Refreshed and re-fueled by the interwebs, we bid Shiva farewell at the Chennai train station, tipping him a sum that must have been close to his monthly wages, just as a 10 minute summer monsoon began to pour down in heavy curtains over the expanse pavement outside. We ran through the liquid onslaught and into the station. Indeed it too was a sight to behold, and another chance to sharpen my tolerance and composure under the assault of heartbreaking child beggars. As Scott once, I believe very wisely, said “giving money to panhandlers supports the market for panhandling.” Put another way, if one wants to help those less fortunate than he, that person is much better off giving money to an organization whose business it is to redistribute, invest, and create wealth, than to attempt to do such a fragile operation at the random whim of your choice. Such a philosophy seems sound to me, and paired with the fact that, once you have given a rupee to one child beggar, you are soon swarmed by the all the rest in sight, becomes attractive enough to simply embrace.

Reserved Waiting Hall

Now, laden with 1 box of English digestive biscuits, 4 huge bottles of water, 1 Sprite, 1 Pepsi, 2/5 bottle of Indian scotch whiskey, 10 pounds of digital technology, and a 1st AC room on the Grand Trunk Express, we are settling in to blog, rage on php/kml/css, eat the Indian snacks that are being sold by fellows wandering the train, and engage in our own special blend of railroad intrigue.

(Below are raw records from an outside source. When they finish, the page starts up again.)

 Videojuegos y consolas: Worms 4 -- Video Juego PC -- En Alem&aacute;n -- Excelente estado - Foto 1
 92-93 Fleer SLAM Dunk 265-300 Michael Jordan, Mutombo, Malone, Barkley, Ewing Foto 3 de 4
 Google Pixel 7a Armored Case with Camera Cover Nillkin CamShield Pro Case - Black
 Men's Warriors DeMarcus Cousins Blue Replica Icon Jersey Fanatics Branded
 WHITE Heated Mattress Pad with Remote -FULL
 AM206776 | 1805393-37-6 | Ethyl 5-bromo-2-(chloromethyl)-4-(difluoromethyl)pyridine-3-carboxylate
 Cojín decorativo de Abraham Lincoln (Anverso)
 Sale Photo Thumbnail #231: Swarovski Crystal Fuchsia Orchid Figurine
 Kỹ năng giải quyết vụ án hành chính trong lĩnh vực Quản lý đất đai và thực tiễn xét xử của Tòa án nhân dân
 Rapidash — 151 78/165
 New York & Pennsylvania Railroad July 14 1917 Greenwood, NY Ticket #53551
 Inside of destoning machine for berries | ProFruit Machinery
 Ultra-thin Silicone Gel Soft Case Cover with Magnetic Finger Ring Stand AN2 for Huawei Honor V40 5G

What are we listening to? Scott’s digging Luke Harris’ Day for Night Mix and Woody’s chiefing out on Cha by Steven Bernstein. Oh and of course our Tamil Classics.



  1. Megan | June 17th, 2008 | 3:01 pm

    I just finished fixing my bicycle and was daydreaming about my sister’s January wedding in Goa – and thought hmmm I wonder if Woody is in India right now…
    And ah you are! Love the post. So glad to hear you guys are having a good time. From the barren wasteland of suburbia to wherever you are right at this moment, i’m sending you good travel vibes!
    – Megan

  2. Woody | June 20th, 2008 | 7:35 am

    Thanks for reading, Megan. Wheel Safe!